> What you are asked to do
All of the data must be output without alteration.

> Data provided
+ + + +
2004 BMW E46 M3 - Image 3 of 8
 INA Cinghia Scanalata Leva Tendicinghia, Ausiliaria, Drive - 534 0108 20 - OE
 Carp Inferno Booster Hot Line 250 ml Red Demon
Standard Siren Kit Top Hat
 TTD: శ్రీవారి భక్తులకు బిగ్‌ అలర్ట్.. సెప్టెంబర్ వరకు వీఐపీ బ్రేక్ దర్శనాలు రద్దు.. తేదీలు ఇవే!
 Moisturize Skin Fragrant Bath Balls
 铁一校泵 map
+ + + +
> Task response
2004 BMW E46 M3 - Image 3 of 8
 INA Cinghia Scanalata Leva Tendicinghia, Ausiliaria, Drive - 534 0108 20 - OE
 Carp Inferno Booster Hot Line 250 ml Red Demon
Standard Siren Kit Top Hat
 TTD: శ్రీవారి భక్తులకు బిగ్‌ అలర్ట్.. సెప్టెంబర్ వరకు వీఐపీ బ్రేక్ దర్శనాలు రద్దు.. తేదీలు ఇవే!
 Moisturize Skin Fragrant Bath Balls
 铁一校泵 map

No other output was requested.